### TASK DIRECTIONS:
Reproduce each line below precisely. Drop the pictures.
### GIVEN INFORMATION ###
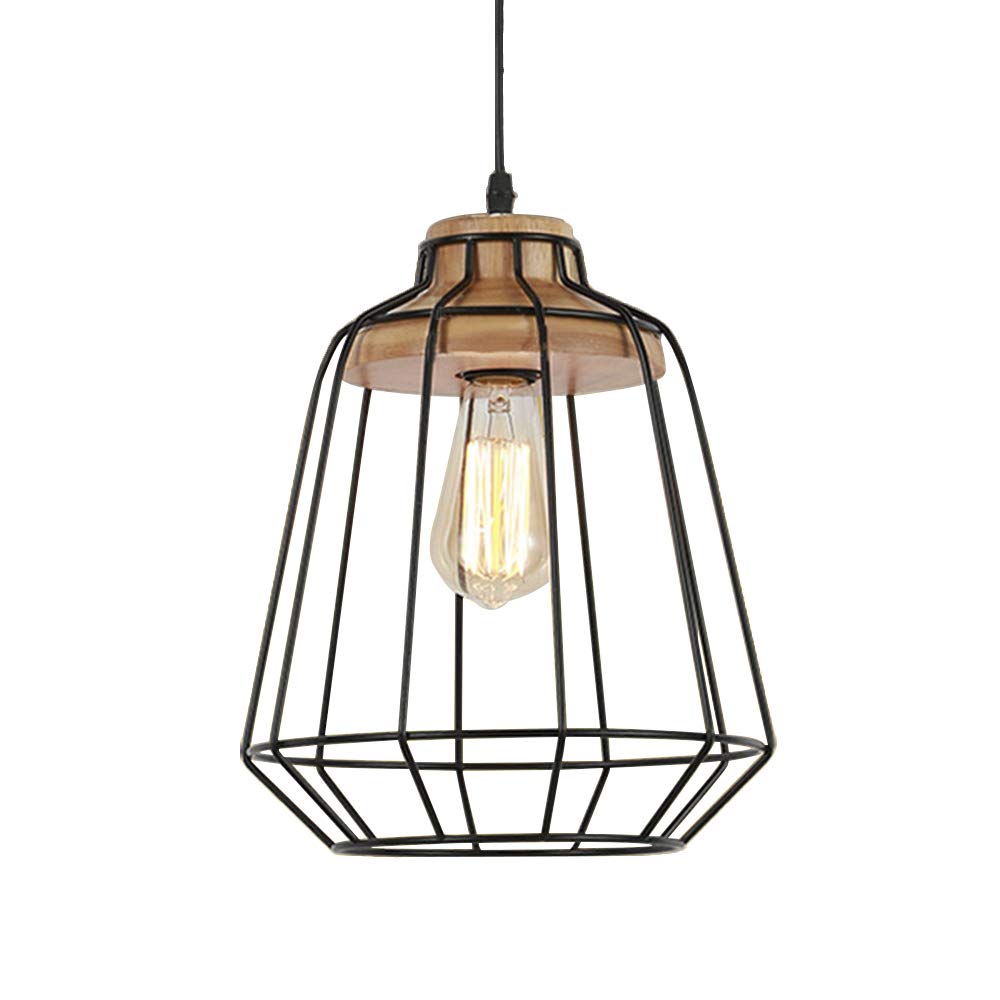 Suspension industrielle à LED cage noire 15" pour salle à manger et salon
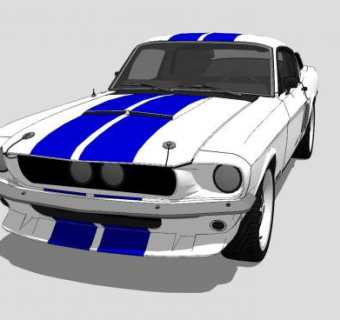 福特谢尔比野马GT500汽车SU模型下载_sketchup草图大师SKP模型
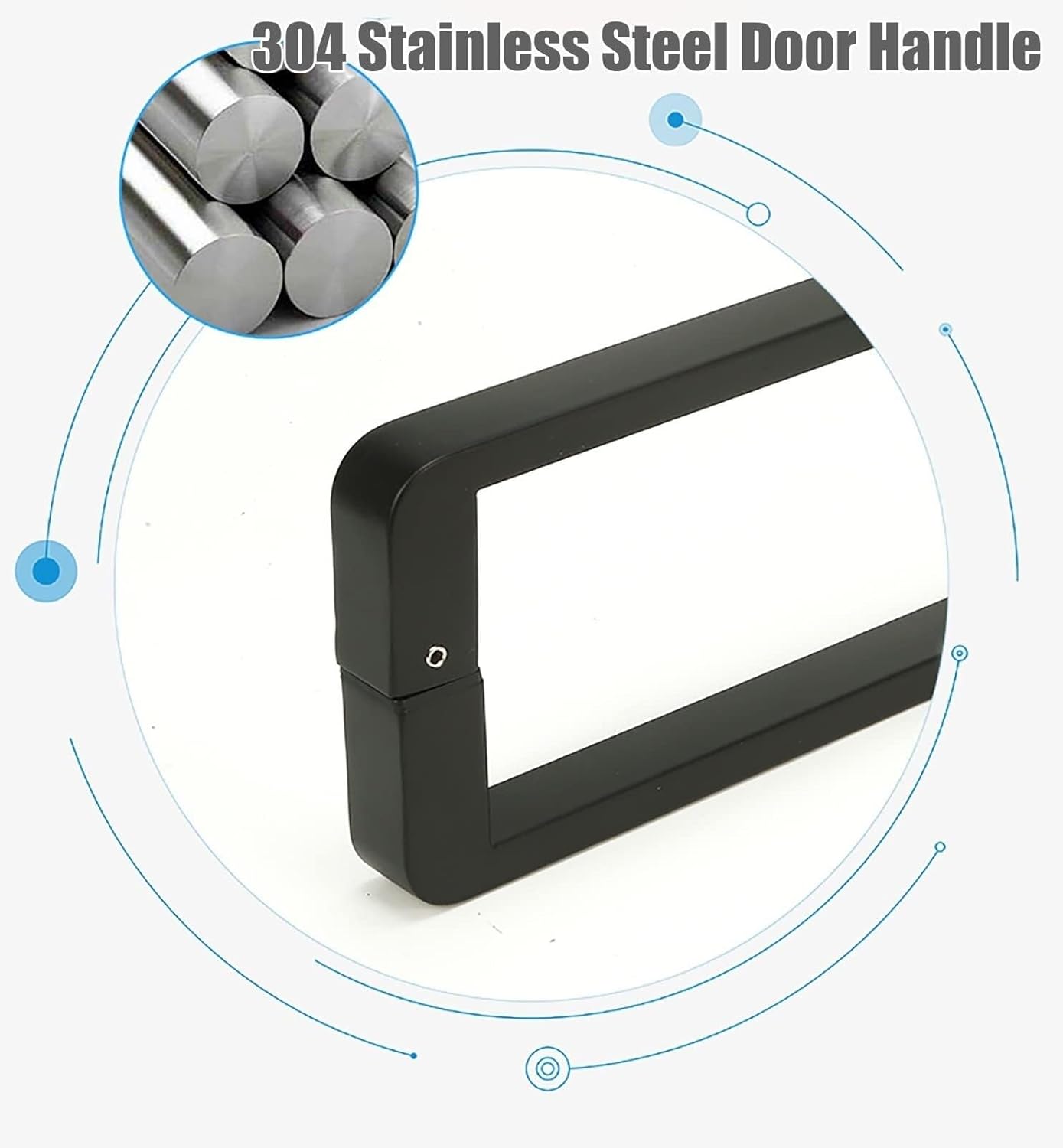 Rectangular Door Pull Handle,304 Stainless Steel Double-Sided Swing Door Handle,Grab Bar for Shower Glass Door/Sliding Barn Door,1x2 cm (Color : Black, Size : 40cm/15 3/4")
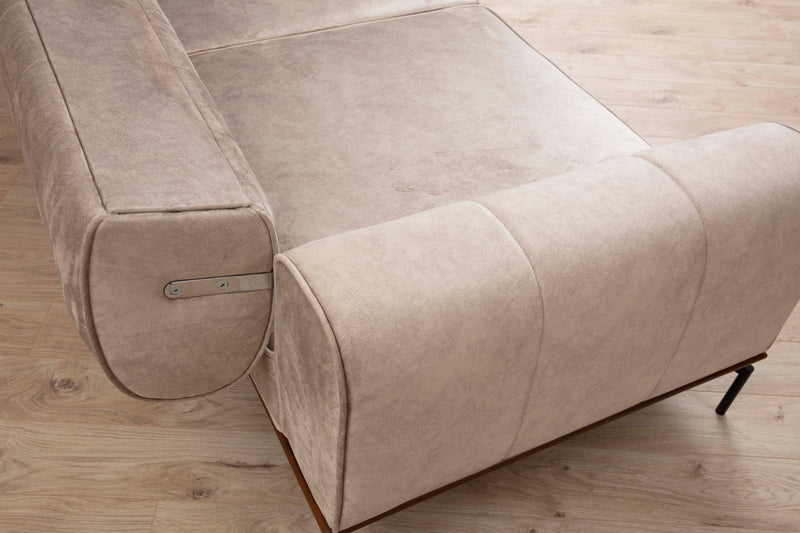 Divano soggiorno 3 posti trasformabile in letto in tessuto crema cm 230x78x92h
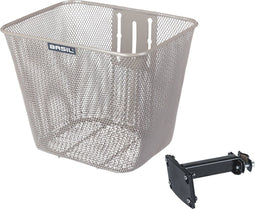 Basil Bilbao - Voormand fiets - Vaste montage - Incl. TÜV-gekeurde bevestiging - Fijnmazig staal - Nude metallic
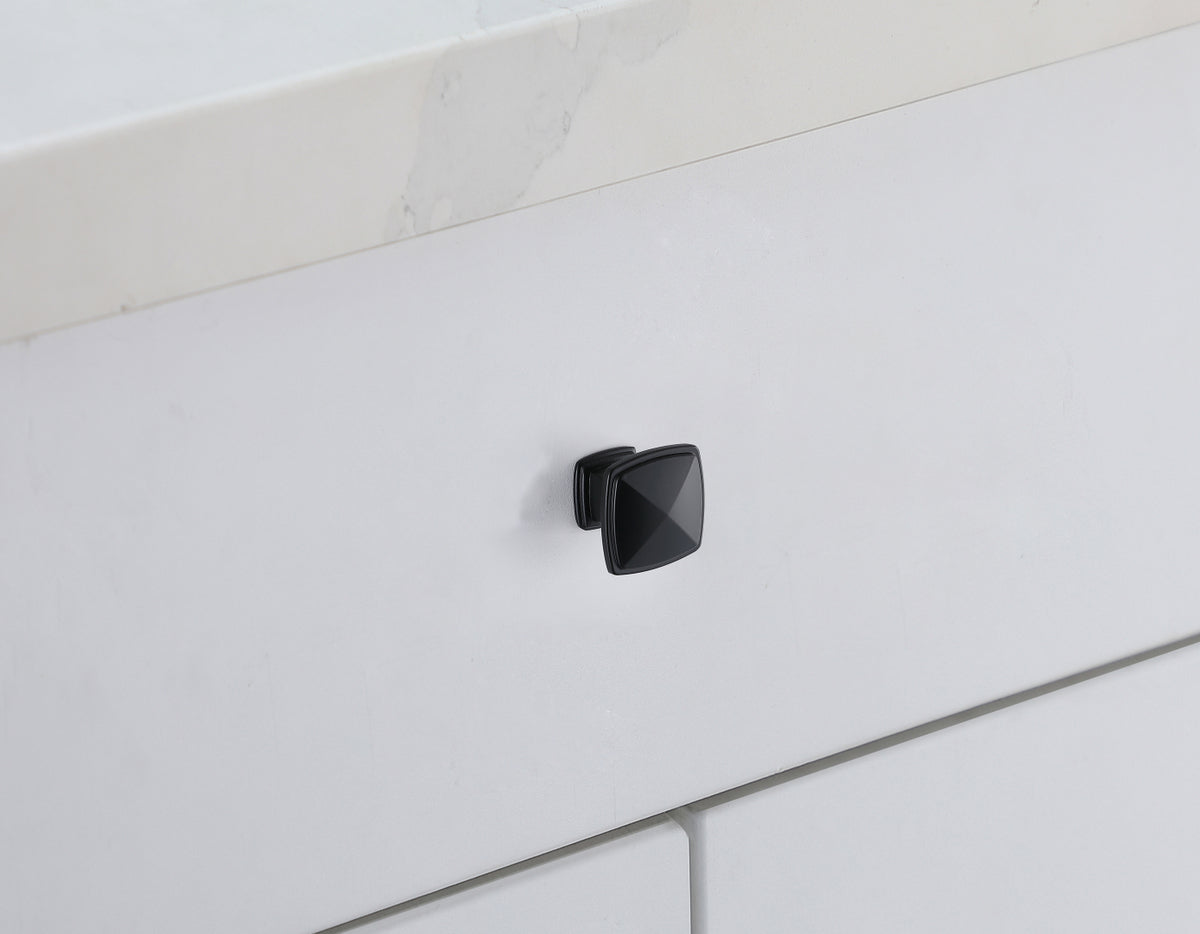 Marcel 1.2" Matte Black Square Knob Multipack (Set of 10)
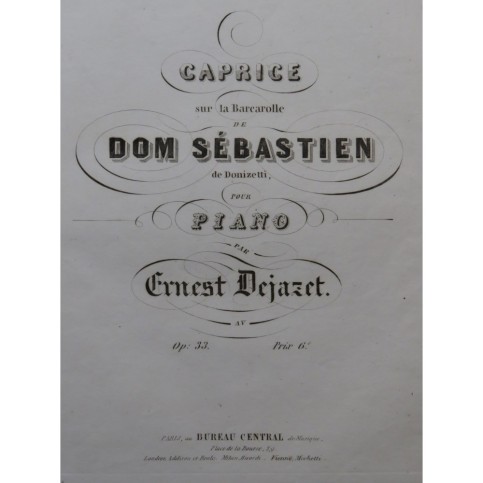 DEJAZET Ernest Caprice Piano ca1840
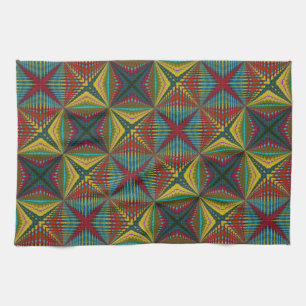 Hippie Red Blue Yellow Green Ethnic Trippy Earthy Tea Towel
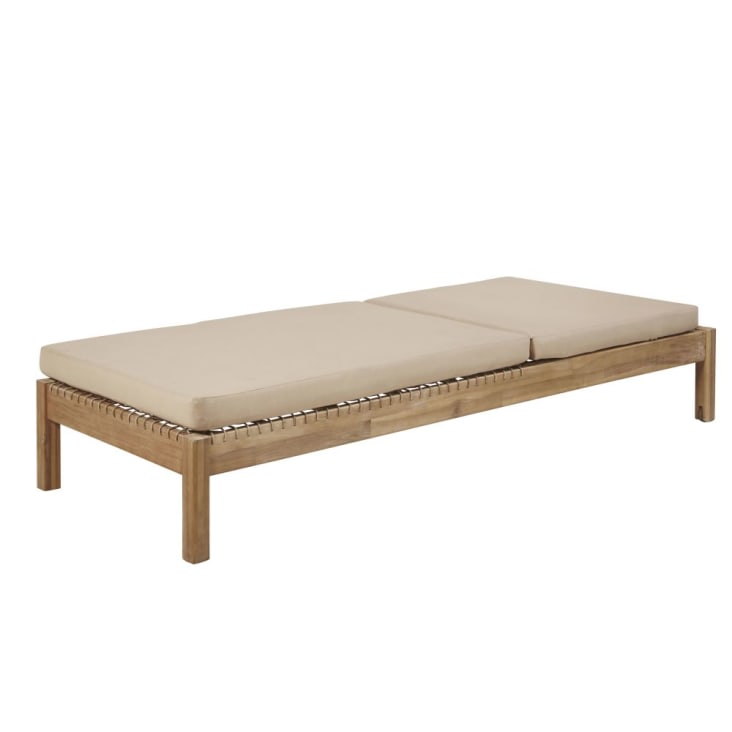 Maisons du Monde Maupiti - Hamaca de resina trenzada y tela marrón claro Ofertas especiales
###
### ANSWER AREA:
 Suspension industrielle à LED cage noire 15" pour salle à manger et salon
 福特谢尔比野马GT500汽车SU模型下载_sketchup草图大师SKP模型
 Rectangular Door Pull Handle,304 Stainless Steel Double-Sided Swing Door Handle,Grab Bar for Shower Glass Door/Sliding Barn Door,1x2 cm (Color : Black, Size : 40cm/15 3/4")
 Divano soggiorno 3 posti trasformabile in letto in tessuto crema cm 230x78x92h
 Basil Bilbao - Voormand fiets - Vaste montage - Incl. TÜV-gekeurde bevestiging - Fijnmazig staal - Nude metallic
 Marcel 1.2" Matte Black Square Knob Multipack (Set of 10)
 DEJAZET Ernest Caprice Piano ca1840
 Hippie Red Blue Yellow Green Ethnic Trippy Earthy Tea Towel
 Maisons du Monde Maupiti - Hamaca de resina trenzada y tela marrón claro Ofertas especiales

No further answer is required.